Investment vs. reward in a competitive knapsack problem
This addresses the evolutionary problem of brain size optimization for species, though it is incremental as it applies existing methods to a specific biological-inspired scenario.
The study investigated the trade-off between brain size (metabolic cost) and competitive advantage in solving combinatorial problems using a two-player knapsack game with neural networks of varying sizes. It found that relative win rate follows a simple relation, with success increasing linearly when network sizes differ greatly but diminishing when they are comparable.
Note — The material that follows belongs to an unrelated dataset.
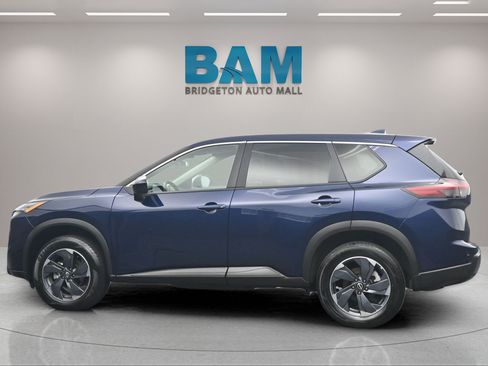 Used 2025 Nissan Rogue SV FWD image 5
Natural selection drives species to develop brains, with sizes that increase with the complexity of the tasks to be tackled. Our goal is to investigate the balance between the metabolic costs of larger brains compared to the advantage they provide in solving general and combinatorial problems. Defining advantage as the performance relative to competitors, a two-player game based on the knapsack problem is used. Within this framework, two opponents compete over shared resources, with the goal of collecting more resources than the opponent. Neural nets of varying sizes are trained using a variant of the AlphaGo Zero algorithm. A surprisingly simple relation, $N_A/(N_A+N_B)$, is found for the relative win rate of a net with $N_A$ neurons against one with $N_B$. Success increases linearly with investments in additional resources when the networks sizes are very different, i.e. when $N_A \ll N_B$, with returns diminishing when both networks become comparable in size.